Hard Disk Partitions

You probably know that you can split your hard disk drive into several partitions. The question is, how does the OS have in mind the partition structure of the hard disk? That information has to come from some place. This is where MBR (Master Boot Record) and GPT (Guid Partition Table) come up. While both are architecturally different, both take part in the same role in governing and provide information for your partitions in the hard disk.

Master Boot Record (MBR)

MBR will be the old standard for managing the partition in the hard drive, and it is still being used extensively by many people. The MBR resides on the very beginning of the hard drive and it props up information on how the logical partitions are organized inside the storage device. In addition, the MBR also contains executable code that can scan the partitions for your active OS and group the boot up code/procedure for your OS.

For a MBR disk, you are able to only have four primary partitions. To create more partitions, you'll be able to set your fourth partition because the extended partition and you'll be able to create more sub-partitions (or logical drives) there. As MBR uses 32-bit to record the partition, each partition can only go up to some maximum of 2TB in size. This is how a typical MBR disk layout appears to be:


There are a couple of pitfalls with MBR. First of all, you'll be able to only have 4 partitions in the hard disk drive and each partition is limited to only 2TB in space. This is not going to operate well with harddrive of big space for storage, say 100TB. Secondly, the MBR is the only place that holds the partition information. If it find yourself getting corrupted (e-mail, it may get corrupted effortlessly), the entire hard disk is unreadable.

GUID Partition Table (GPT)

GPT is the latest standard for planning the partitions of a harddrive. It makes use of globally unique identifiers (GUID) to define the partition in fact it is part with the UEFI standard. This means that on the UEFI-based system (which is required for Windows 8 Secure Boot feature), it really is a must to make use of GPT. With GPT, you are able to create theoretically unlimited partitions on the hard disk, while it's generally on a 128 partitions by most OSes. Unlike MBR that limits each partition just to 2TB in dimensions, each partition in GPT hold up to 2^64 blocks long (as it's using 64-bit), that is equivalent to 9.44ZB for any 512-byte block (1 ZB is 1 billion terabytes). In Microsoft Windows, that size is restricted to 256TB.

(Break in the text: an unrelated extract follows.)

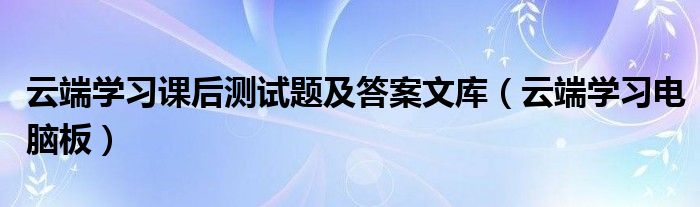 云端学习课后测试题及答案文库(云端学习电脑板)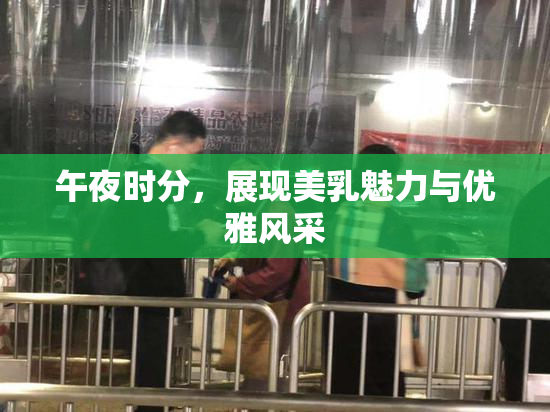 午夜时分，展现美乳魅力与优雅风采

From the GPT Table Scheme diagram above, it is possible to see that you will find there's primary GPT in the beginning of the hard disk drive and a secondary GPT in the end. This is what makes GPT more useful than MBR. GPT stores a backup header and partition table on the end from the disk so it might be recovered if your primary tables are corrupted. It also accomplish CRC32 checksums to detect errors and corruption of the header and partition table.

You can also see that there's a protective MBR on the first sector of the hard disk drive. Such hybrid setup is to allow a BIOS-based system to boot from a GPT disk using a boot loader stored inside the protective MBR’s code area. In addition, it protects the GPT disk from damage by GPT-unaware disk utilties.

OS Support

Intel Macs are employing GPT automatically and you won’t be capable of install Mac OS X (without tweaks and hacks) over a MBR system. Mac OS X will run on MBR disk though, it is only that you won’t be in a position to install onto it.

Most Linux kernels feature support for GPT. Unless you are compiling your own personal kernel and you also didn’t add this feature in, you need to have no problem taking your favorite distro to function in GPT disk. One thing to note, you wil have to utilize Grub 2 as the bootloader.

For Windows, only the 64-bit version of Windows from XP onward support booting from GPT disk. If you are finding a laptop pre-installed with 64-bit Windows 8, almost certainly it is using GPT. For Windows 7 and earlier version, the default configuration is going to be MBR as opposed to GPT.


In most all cases, you will likely be fine with either MBR or GPT. It is only in situation in places you need to install Windows on the Mac, or when you need to have a partition larger than 2TB, that you simply need to make use of GPT, or convert MBR to GPT. Also, for the newer style of computer that utilizes UEFI, it is going to only support GPT.